Figure 5b shows a statistical-physics-oriented approach that views the network of nodes as an interconnected ensemble of buckets known as a virtual random growing network (VRGN). Each bucket contains balls representing packets at a particular point in time. Each bucket or node is assigned an energy level. The VRGN captures the movement of packets as particle transitions among different energy levels in a thermodynamic gas. Mean field analysis shows that the buffer occupancy, as well as the in and out degree of the VRGN nodes, follows a power law. This observation can lead to a fundamentally new approach for on-chip buffer sizing that will provide increased performance and robustness at far lower area overhead and power cost.

Stochastic communication is a major departure from classical (deterministic) bus-based communication.

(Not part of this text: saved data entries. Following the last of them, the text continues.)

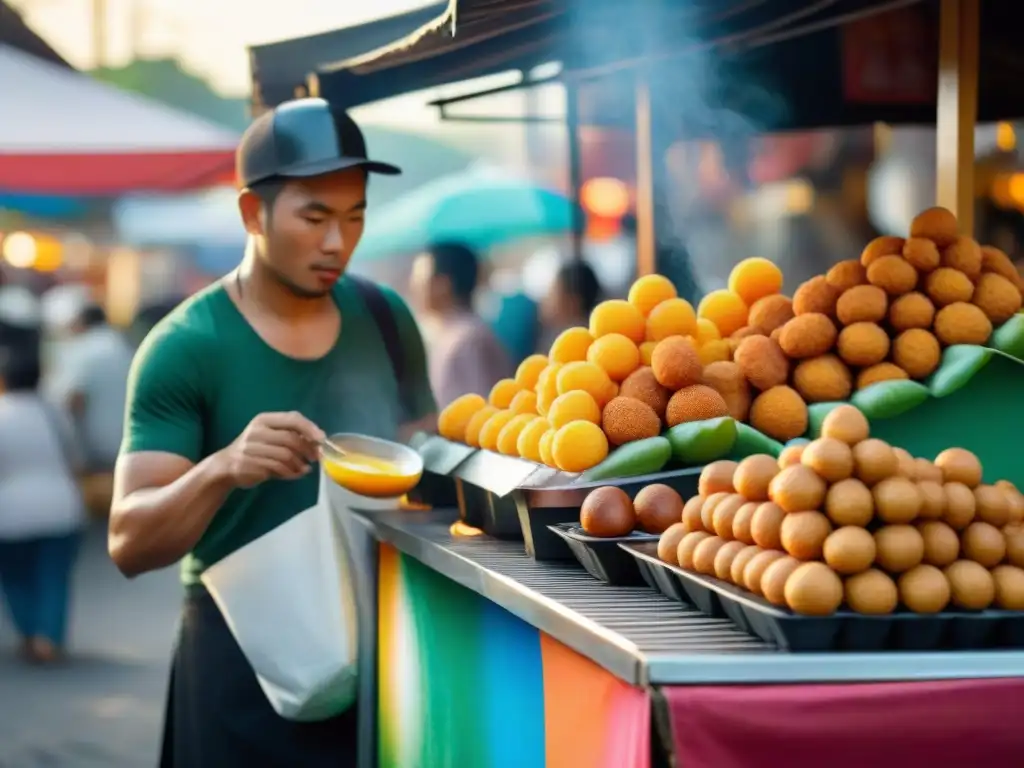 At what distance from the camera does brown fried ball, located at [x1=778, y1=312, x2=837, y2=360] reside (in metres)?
3.13

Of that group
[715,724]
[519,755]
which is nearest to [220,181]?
[519,755]

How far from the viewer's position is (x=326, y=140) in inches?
145

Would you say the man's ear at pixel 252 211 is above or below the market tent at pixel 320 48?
below

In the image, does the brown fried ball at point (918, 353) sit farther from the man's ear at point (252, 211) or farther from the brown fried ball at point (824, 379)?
the man's ear at point (252, 211)

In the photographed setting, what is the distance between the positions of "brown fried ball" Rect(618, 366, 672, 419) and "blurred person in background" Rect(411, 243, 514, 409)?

In practice, designers could combine stochastic and conventional communication structures to extract their best features. For example, stochastically communicating islands could be connected to a traditional bus or assembled in a hierarchy, depending on application requirements.

## Nanofabric technologies

Exploration of alternative computational models must go hand-in-hand with an understanding of the

properties of promising nanoscale device and circuit fabrics. As mentioned earlier, 1D nanodevices such as CNFETs are promising post- or extended-silicon devices. However, much remains to be done to harness the science into practical design techniques competitive with CMOS. These techniques can help bring the level of robustness into the comfort zone of the networked computational models described here.

Transforming materials and device-level innovations into practical technologies for gigascale digital ICs requires overcoming some fundamental barriers: misaligned carbon nanotubes (CNTs); metallic CNTs in CNFETs; and device integration with high CNT density. Of these, the third is a processing challenge that device and materials researchers are addressing. Overcoming the first two requires radical approaches to CNFET-based digital design.

As Figure 6a shows, chemical self-assembly that produces mostly aligned CNTs can partially alleviate the problem of misaligned CNTs. As Figure 6b and Figure 6c show, the remnants of misaligned CNTs cause shorts and incorrect logic functions.<sup>11</sup> Similarly, no known CNT growth technique guarantees the total absence of metallic CNTs. Semiconducting CNTs are required for CNFETs; metallic CNTs create source-drain shorts resulting in excessive leakage and severely degraded noise margins. Post-growth metallic CNT

removal techniques, although promising, cannot guarantee removal of all metallic CNTs. To be feasible, defect and fault tolerance techniques must be low cost. Furthermore, if possible, the design of robust CNT circuit fabrics should impose minimal changes on design methodologies.

An imperfection-immune design paradigm can help overcome these barriers. For example, the technique for designing misaligned-CNT-immune circuits guarantees correct logic functions even in the presence of several misaligned CNTs.11 Figure 6d shows a misaligned-CNT-immune NAND gate. Its layout guarantees that any CNT not passing under any gate in the pull-up circuit has at least one region either intrinsic (undoped) or etched out. This constraint guarantees that such CNTs cannot cause shorts or incorrect functions. Furthermore, this technique can be generalized and automated for any arbitrary logic function; and, for many misaligned CNTs, correctness can be formally proved. The technique is compatible with standard design flows and has low (10% to 15%) area, delay, and power penalties at the cell level. Metallic CNTs require joint optimization of circuit design techniques and processing techniques such as metallic-CNT removal.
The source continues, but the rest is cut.